- **Information given**
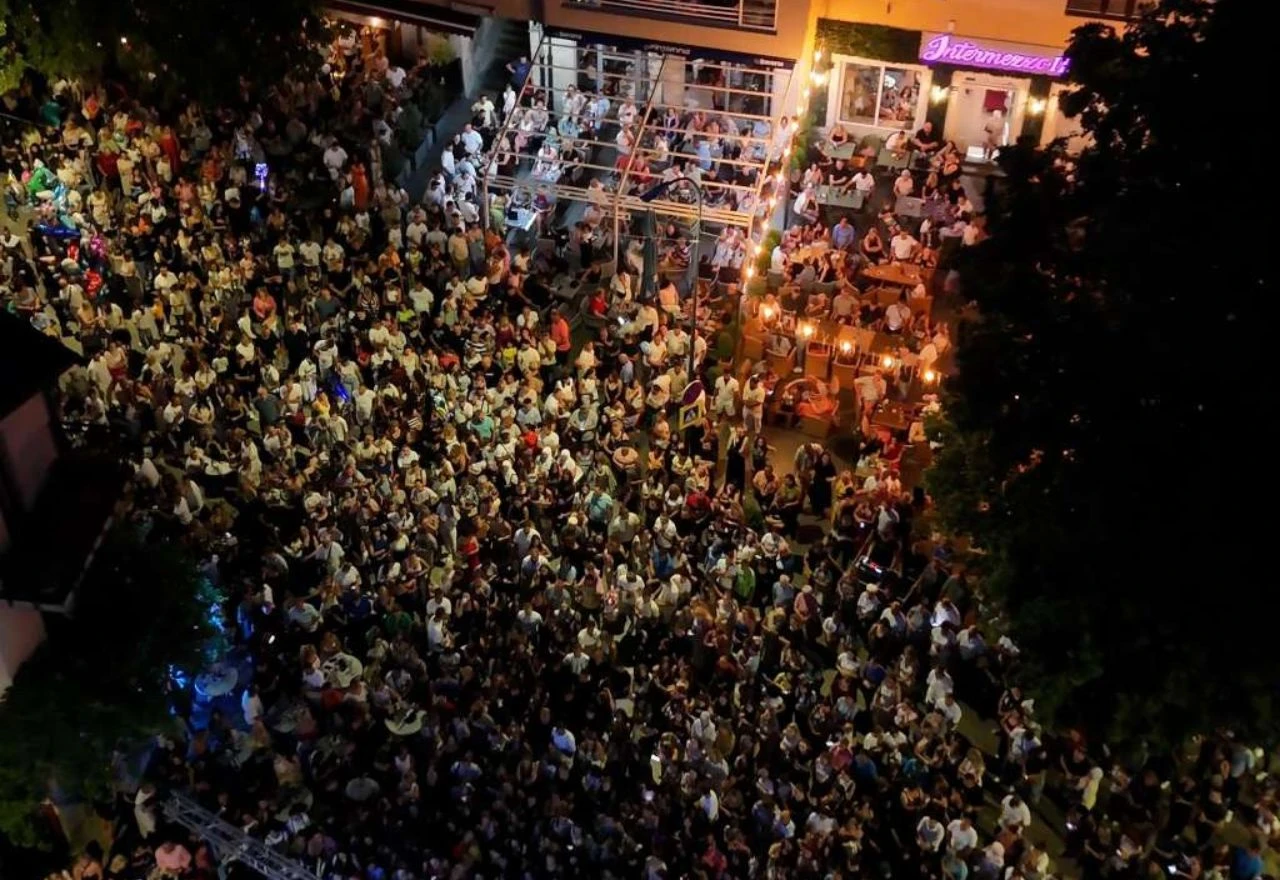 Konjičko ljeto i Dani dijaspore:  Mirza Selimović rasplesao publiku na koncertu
---
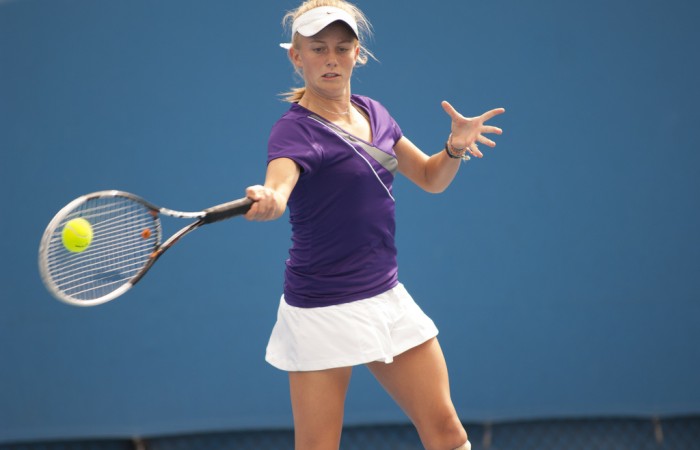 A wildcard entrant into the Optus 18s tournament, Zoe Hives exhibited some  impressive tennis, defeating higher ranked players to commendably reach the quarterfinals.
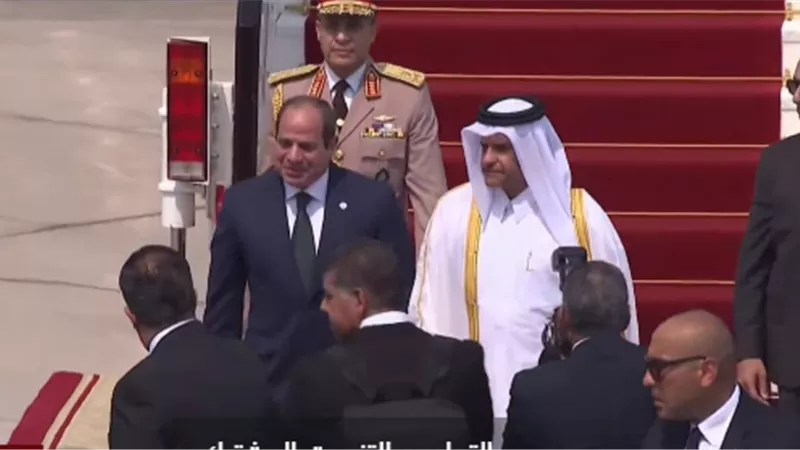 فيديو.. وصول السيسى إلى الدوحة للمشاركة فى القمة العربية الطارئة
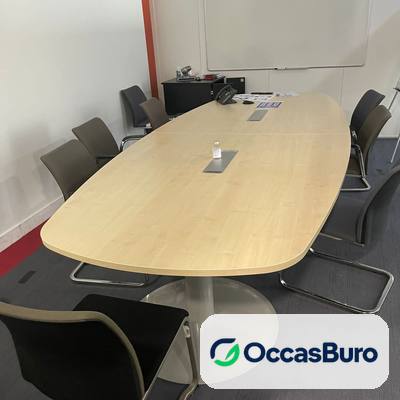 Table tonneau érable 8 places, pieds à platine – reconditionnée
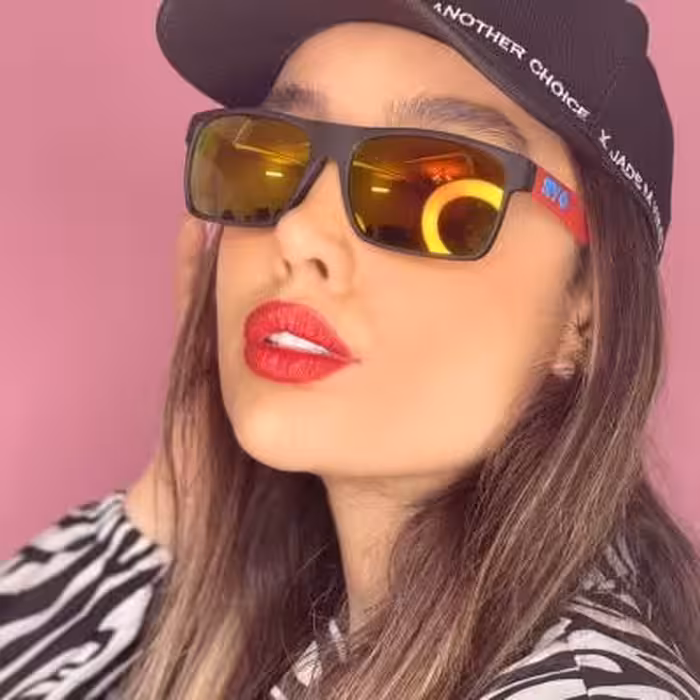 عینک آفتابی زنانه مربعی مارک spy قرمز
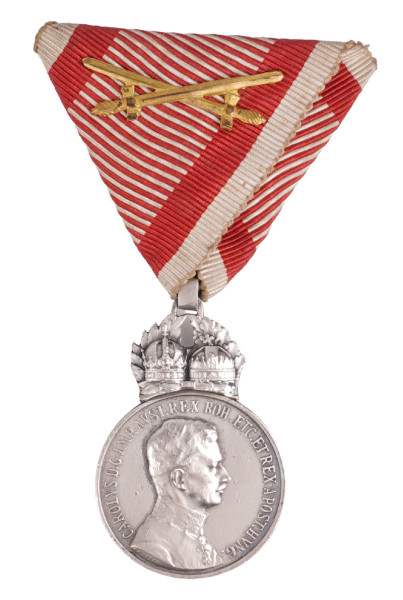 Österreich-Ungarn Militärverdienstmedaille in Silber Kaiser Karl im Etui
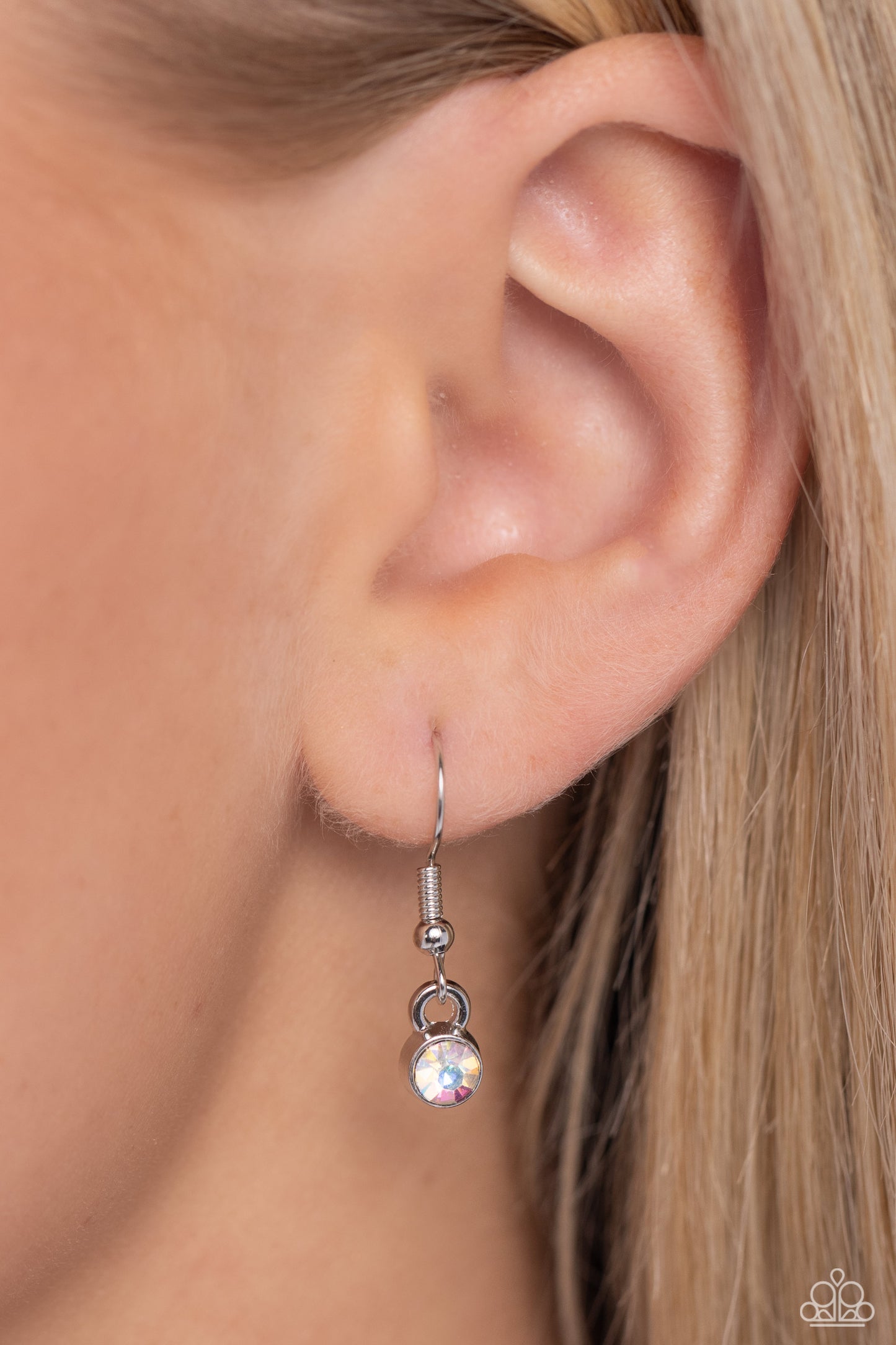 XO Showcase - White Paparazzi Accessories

- **What needs to be done**
Above are entries with pictures among them. Write out exactly the lines from the one containing "عینک آفتابی زنانه مربعی مارک spy قرمز" through the one containing "XO Showcase - White Paparazzi Accessories", ends included, and leave those pictures out.

- **Task response**
 عینک آفتابی زنانه مربعی مارک spy قرمز
 Österreich-Ungarn Militärverdienstmedaille in Silber Kaiser Karl im Etui
 XO Showcase - White Paparazzi Accessories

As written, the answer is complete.